Your counter point is unrealistic. No one does that.

The same bug would occur if someone tried mixing #each and #read, or two concurrent loops using #each or #read. There's no fix for it.

My use involves:

  1. Call dir.entries
  2. Do it again.

Or.

  1. Call dir.each
  2. Do it again.

That's a realistic use case. I've used it twice already and once is with old code from ruby.

Mixing #read and #entries is also unlikely. Why do we need a change, then? When operating #read, you need to be aware of the dir handle position. And in that use case it's likely to assume #each and #entries to respect the current position, not rewind. If they're supposed to start from the beginning, a call to #rewind is necessary.

I'm not. I'm using #entries or #each twice. Ruby doesn't have this issue.

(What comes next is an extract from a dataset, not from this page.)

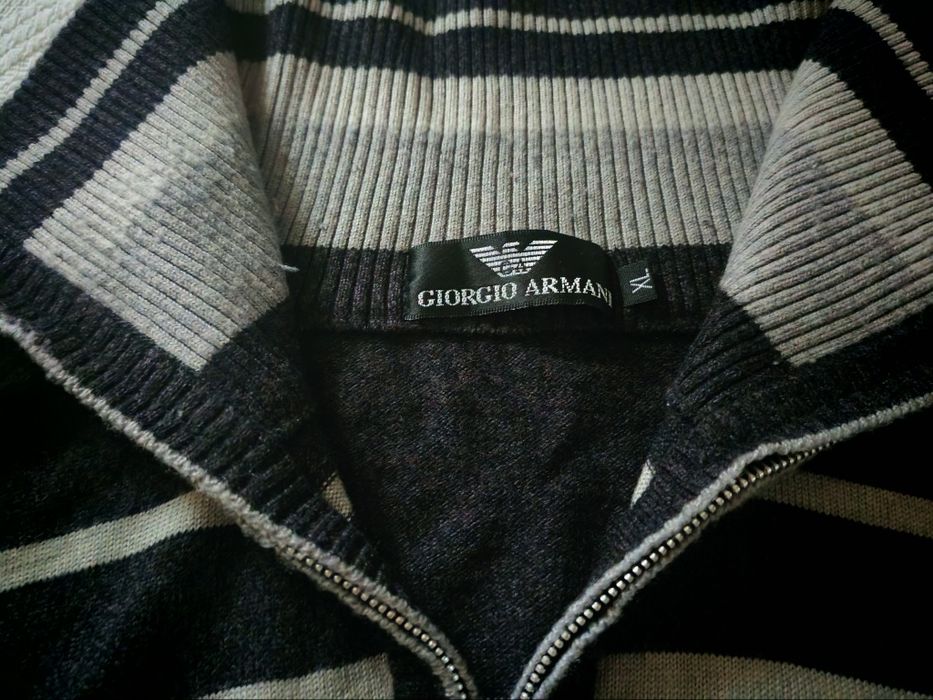 Pulover Giorgio Armani mărimea XL, purtat o data, impecabil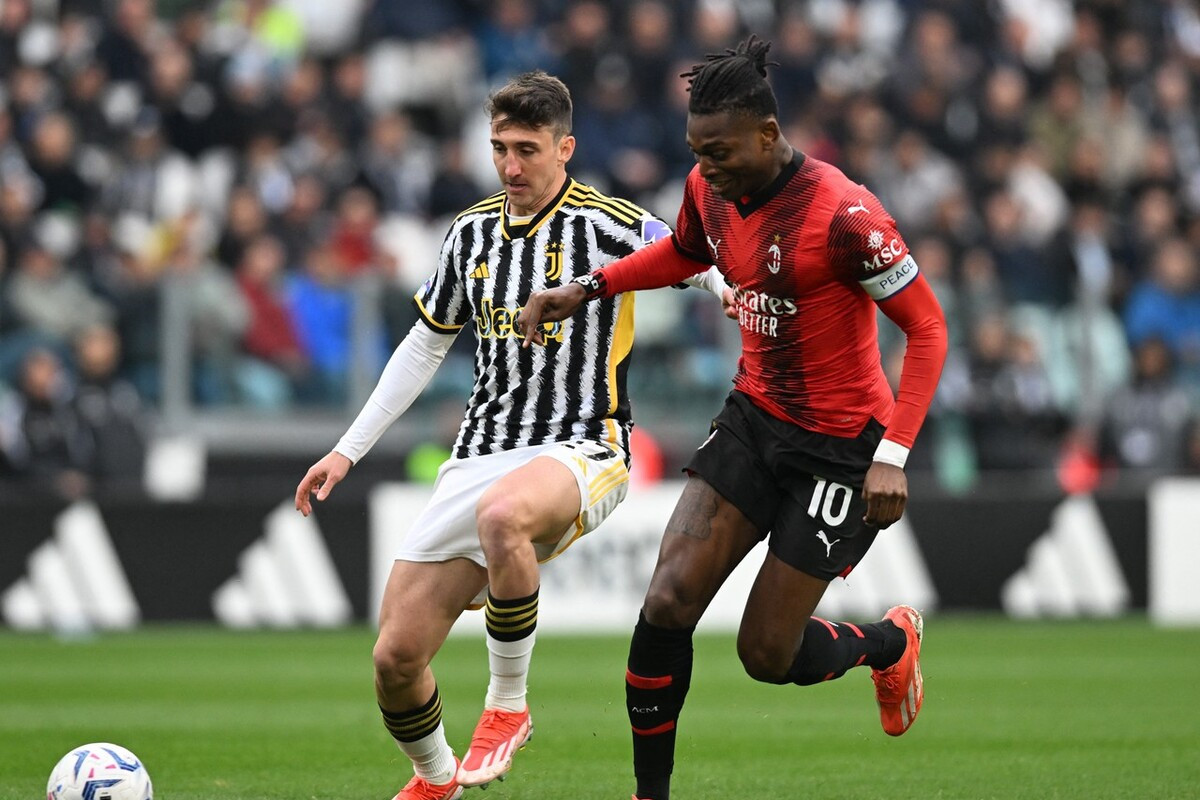 包含尤文图斯客场对阵AC米兰：意甲劲旅对决的词条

Maybe that's why my code broke when moving to crystal.

Ruby is proof the behavior I propose can work without common surprises.

Enumerable needs rewind to function, otherwise iteration 2..n are empty.

That's not really an issue because Enumerable does not guarantee repeated calls to return the same results. And changes to the file system have the same effect, by the way.

Ok. Is there a benefit to keeping it that way? Or should the API be easy to use? Can anyone name a benefit 2..n calls to #each having an empty set. What is the use case?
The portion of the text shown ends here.